The crazy thing, is that since he asked for the separation, he has been acting VERY differently. He made the bed, he went grocery shopping for himself (he won’t eat anything I cook or sit down for meals with us), he is listening to music while working, he bought new bath products with a different fragrance. I don’t know what to make of all this. He won’t talk to me except to coordinate about our child, he doesn’t say goodnight. Its like we are living as roommates with our child as the only connection. Where was all this independence and self-care while we were getting along?

In the meantime, I have no idea if he still wants to separate. I can’t sign a lease or make an offer on a house without a separation agreement and he has made that discussion off limits. I have little furniture, no place to go long-term.

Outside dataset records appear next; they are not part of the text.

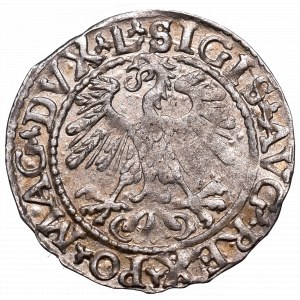 Sigismund II Augustus, Halfgroat 1559, Vilnius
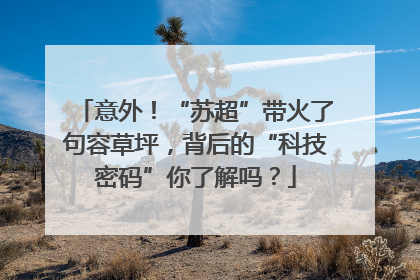 意外！“苏超”带火了句容草坪，背后的“科技密码”你了解吗？
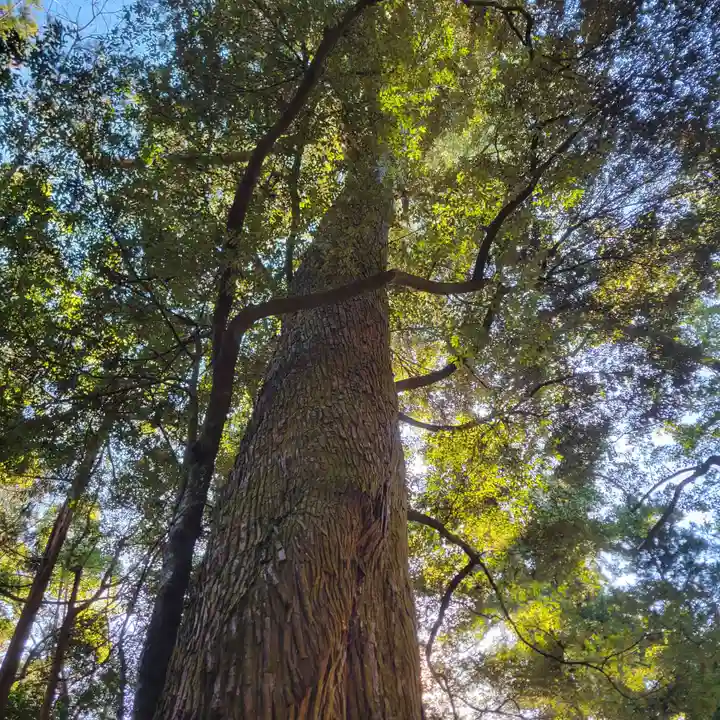 伊勢神宮内宮(皇大神宮)(三重県)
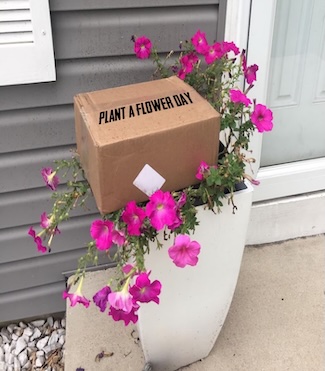 a delivery cardboard box sitting on a pot of fresh flowers for national plant a flower day in March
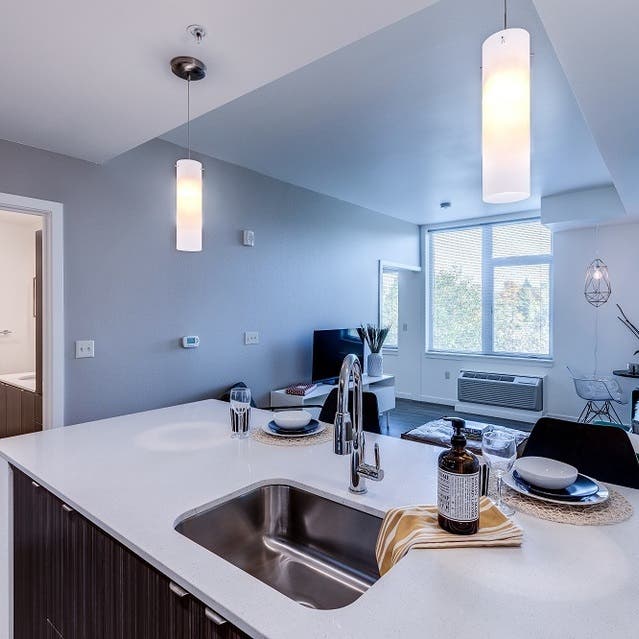 Osprey Apartments - view of open concept living room from kitchen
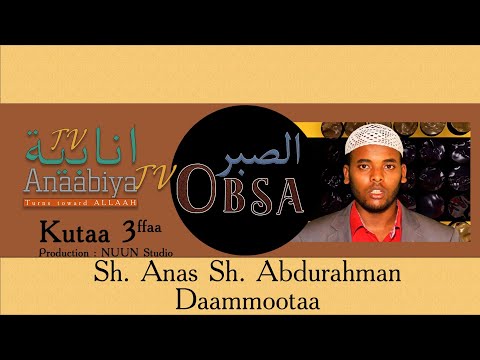 Kutaa 3 Obsa Sh Anas Sh Abdurahman Daammoota Aaabiya TV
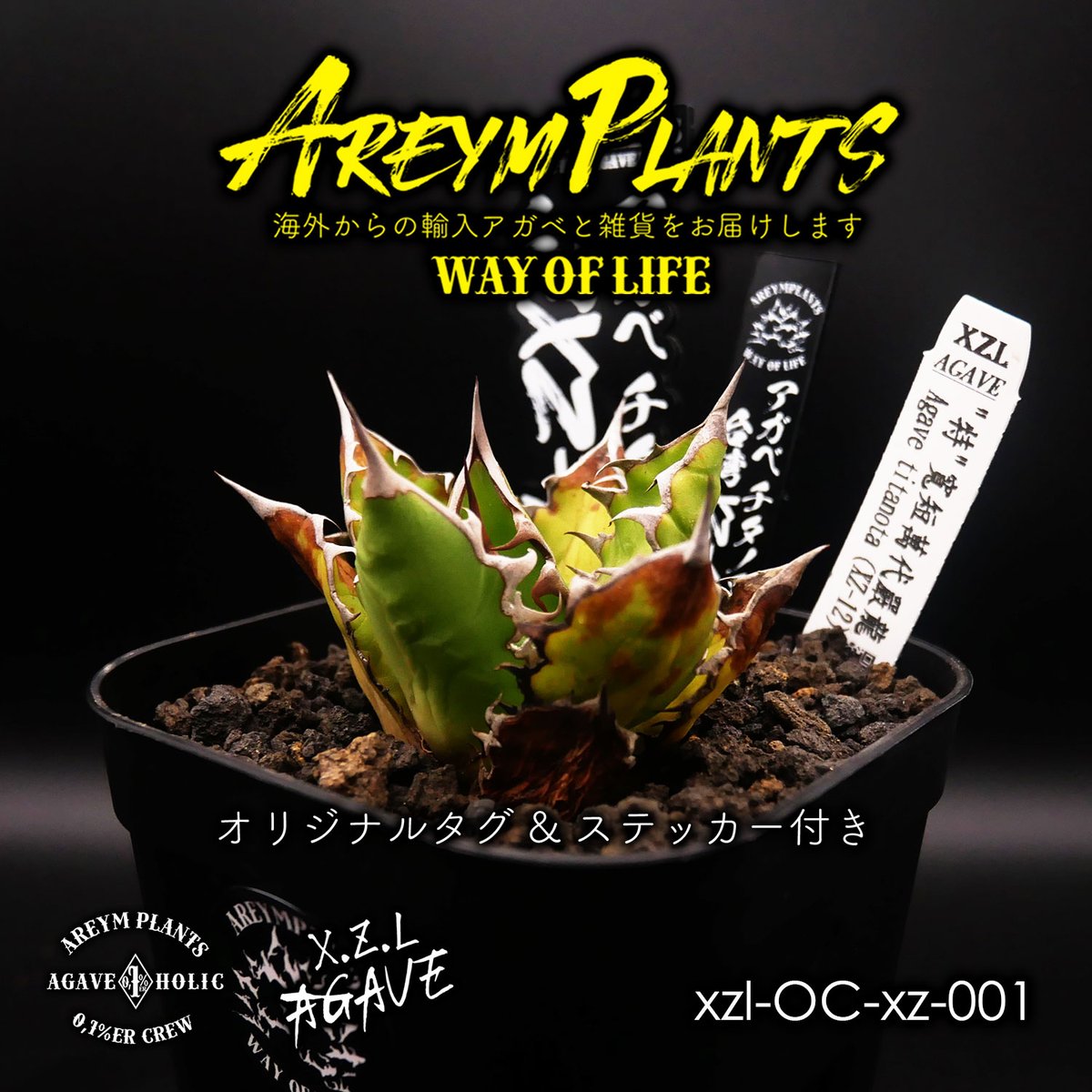 アガベ チタノタ XZ-12 Agave Titanota 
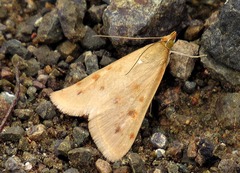 Achyra nudalis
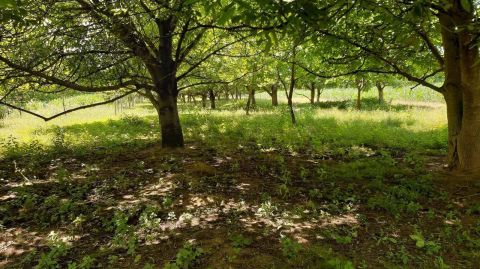 Eladó Telek 4755 Ököritófülpös 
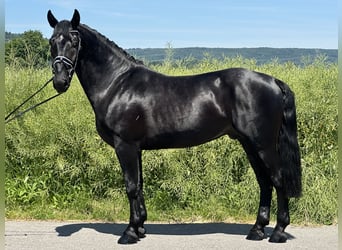 Schweres Warmblut, Wałach, 3 lat, 164 cm, Kara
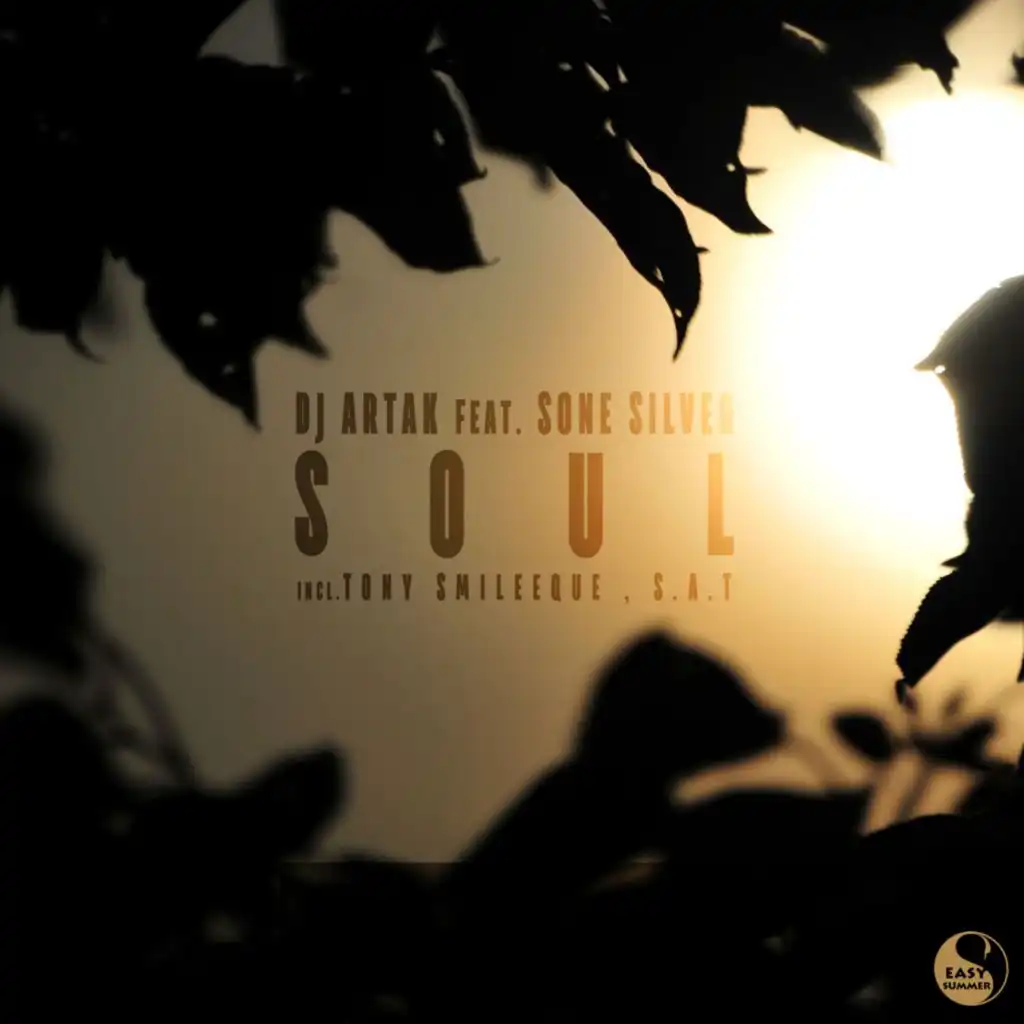 Soul (S.A.T Remix) [feat. Sone Silver]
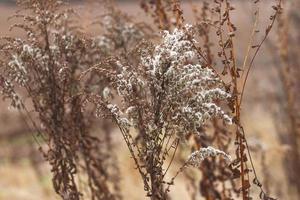 Dry soft flowers in the field on beige background. photo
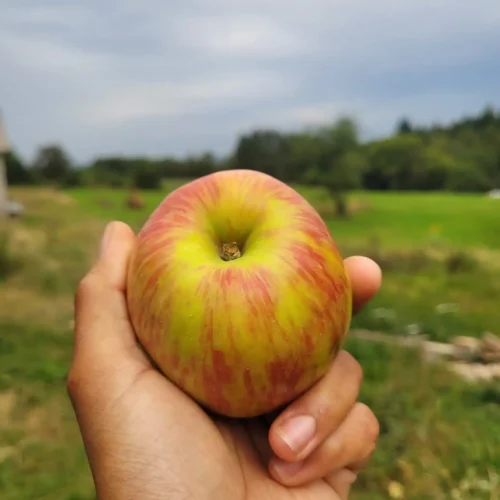 Pommier Gravenstein rouge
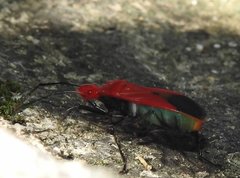 Dindymus sanguineus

I don’t know how long this will last and when it will be ‘ok’ to talk about the separation (when he is asked to an interview, after the interview, once he is offered/denied the job?). I am basically in this eternal holding pattern that seems hopelessly unfair. I have resisted bringing it up because I read somewhere that giving the person who asked for the separation what they want is important, but now it is beginning to feel like a power-play on his part.


----------



## waitwhat (Jun 12, 2011)

No, as a matter of fact, you don't have to wait for his directions or let him dictate how your living situation is going to play out. Read that again. Read it until it starts to sink in.

You can leave any time you want and you don't need much, actually. I left our home and moved into an apartment and took hardly anything. I took no furniture except our bed headboard, my bedside table and my dresser. Maybe you can find an apartment with a short lease or a month to month lease, just in case you reconcile.

If he experiences financial insecurity or uncertainty as a result of you moving out, so be it; that is something he should have taken into consideration before separating himself from you.

Get indignant, then take control. You are a human being. You have value. You are a woman of dignity and worth. Don't allow others to treat you otherwise.


----------